Hainan Airlines launches Oslo belly route adding further seafood capacity

The rapidly expanding Norwegian seafood market has been given a further boost after Hainan Arlines announced it will start a new three-weekly Airbus A330-300 belly route from Beijing and Oslo in Spring 2019 – the first direct connection between China and Norway.

Demand for Norwegian seafood has taken off in recent years, with 2017 breaking all records. The new route between Oslo and Beijing means that Norwegian fish will arrive even fresher in the shops and restaurants in the Chinese capital and the surrounding areas.

Norway stands for half of all the air cargo generated in the Nordic region. In 2017, Oslo Airport was the fastest growing cargo airport in Europe with a 36 per cent growth. Some 185,000 tonnes where flown in and out of the airport, with 90,000 being seafood.

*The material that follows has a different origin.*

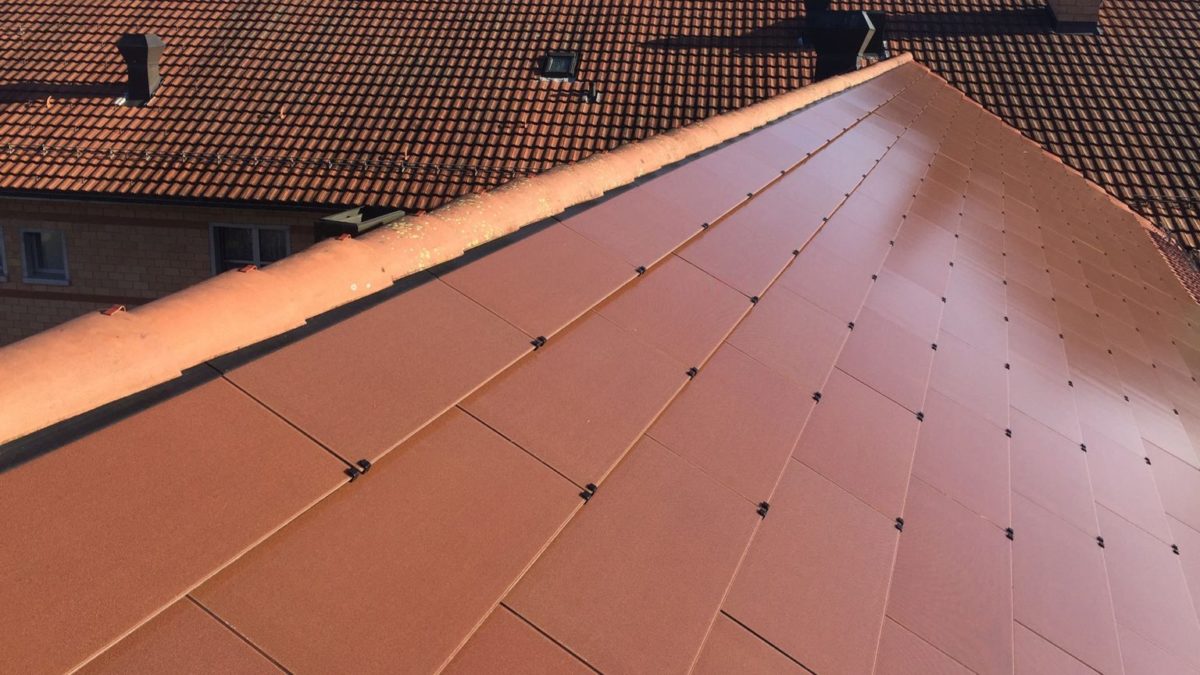 Solar Tile With Anti Glare Coating From, How To Match Existing Roof Tiles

In 2018, Norwegian seafood as air cargo is expected to reach 230,000 tonnes. Oslo Airport is the largest freighter airport in Northern Europe with 14 freighter carriers serving the gateway weekly.

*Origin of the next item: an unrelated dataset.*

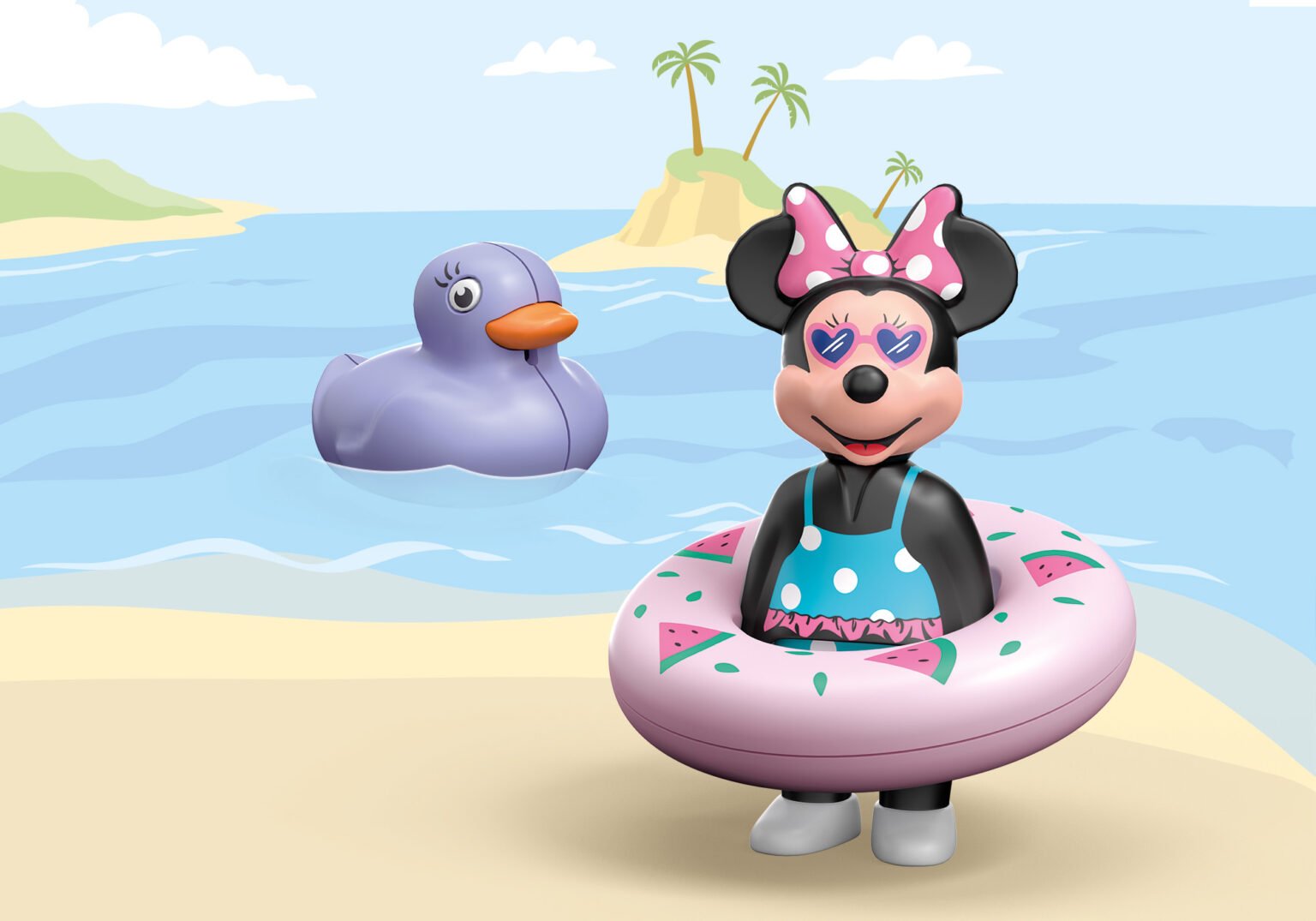 Playmobil 71416 1.2.3 & Disney: Minnie's Beach Trip 123 อควา & ดิสนีย์ ทริปชายหาดของมินนี่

Avinor director of cargo, Martin Langaas said: “A direct route to China will be extremely positive for the export of fresh Norwegian seafood to the quickly expanding Chinese market. Fresh fish has a short shelf-life, and faster transport times will help ensure the products’ quality.”

Hainan Airlines vice president, Liu Jichun said: “The coming new route of Beijing to Oslo is the first direct route between China and Norway operated by Chinese carrier Hainan Airlines.

“These efforts have gained Hainan Airlines with an optimized network between China and Europe. This new route will certainly intensify the communications between the two countries, thus stimulating the development of a prosperous economic tie for China and Norway, as well as the Nordic region.”

In August, Ethiopian Cargo revealed plans to start a ‘seafood freighter’ service using a Boeing 777-200 Freighter from Oslo Airport to Guangzhou in China in September this year while the likes of Saudia Cargo and DHL have also started freighter services to meet demand for Norwegian seafood.